To calculate the grams of CaCl2 that can be obtained, we need to determine the limiting reactant. The limiting reactant is the reactant that gets completely consumed and determines the maximum amount of product that can be formed.
First, we need to convert the given mass of HCl to moles:
Given: Mass of HCl = 14.6 g
To convert grams of HCl to moles, we need to use its molar mass. The molar mass of HCl is:
Molar mass of HCl = 1.007 g/mol (hydrogen) + 35.453 g/mol (chlorine) = 36.460 g/mol
Moles of HCl = Mass of HCl / Molar mass of HCl
Moles of HCl = 14.6 g / 36.460 g/mol
Moles of HCl ≈ 0.400 mol
According to the balanced chemical equation, the stoichiometric ratio between HCl and CaCl2 is 2:1. This means that for every 2 moles of HCl, we get 1 mole of CaCl2.
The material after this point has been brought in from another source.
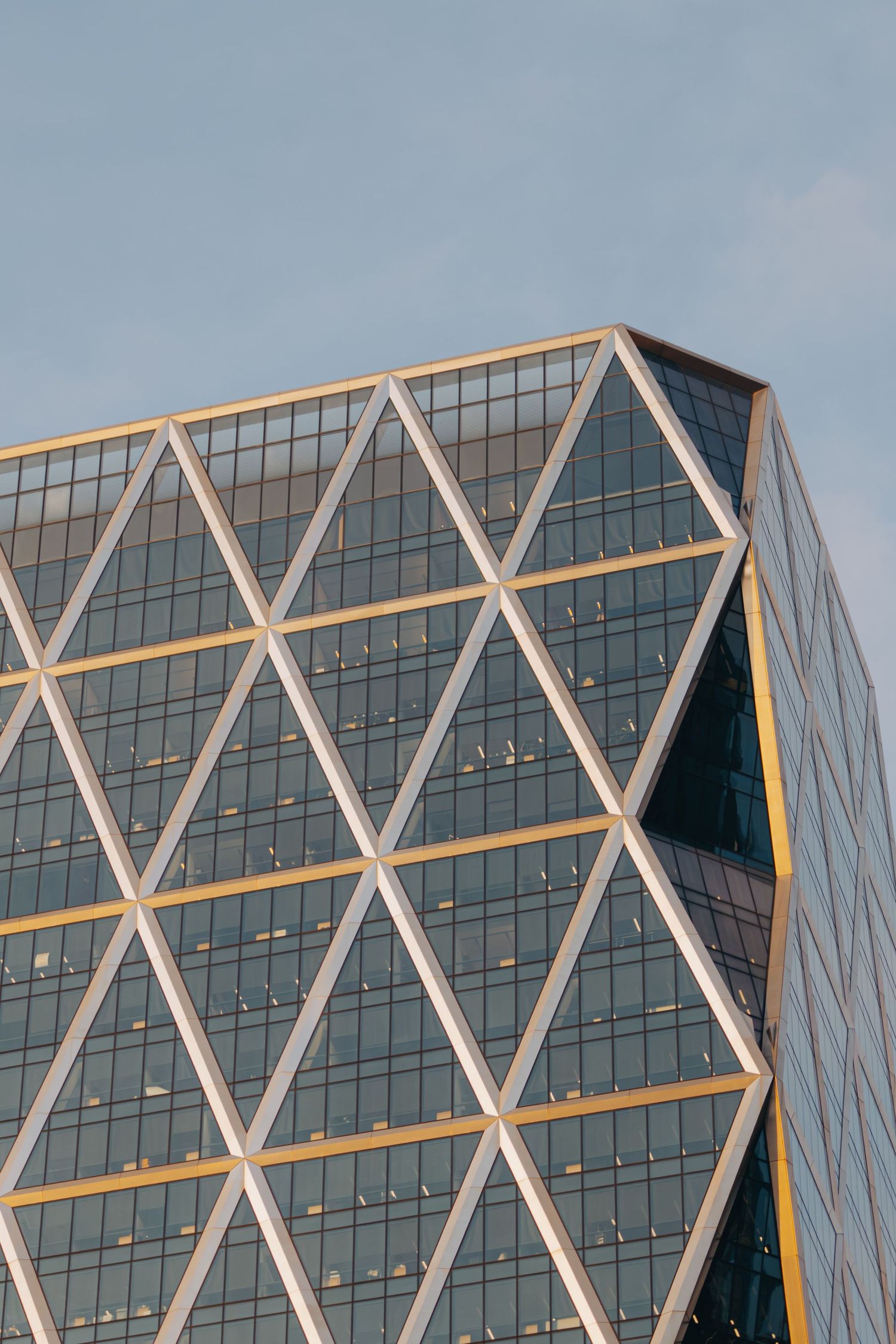 Close-up of a modern glass skyscraper facade featuring a geometric diamond-pattern curtain wall design.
From the stoichiometry, we can determine the moles of CaCl2 that can be obtained:
Moles of CaCl2 = Moles of HCl × (1 mole CaCl2 / 2 moles HCl)
Moles of CaCl2 = 0.400 mol × (1 mol CaCl2 / 2 mol HCl)
Moles of CaCl2 = 0.200 mol
Finally, we need to convert the moles of CaCl2 to grams. The molar mass of CaCl2 is:
Molar mass of CaCl2 = 40.078 g/mol (calcium) + 35.453 g/mol (chlorine) + 35.453 g/mol (chlorine) = 110.984 g/mol
Mass of CaCl2 = Moles of CaCl2 × Molar mass of CaCl2
Mass of CaCl2 = 0.200 mol × 110.984 g/mol
Mass of CaCl2 ≈ 22.197 g
Therefore, approximately 22.197 grams of CaCl2 can be obtained if 14.6 grams of HCl is allowed to react with CaCO3.
Do you mean is 14.6 g CaCO3 is formed?
mols HCl = grams/molar mass
Convert mols HCl to mols CaCl2.
Convert mols CaCl2 to grams. g = mols x molar mass.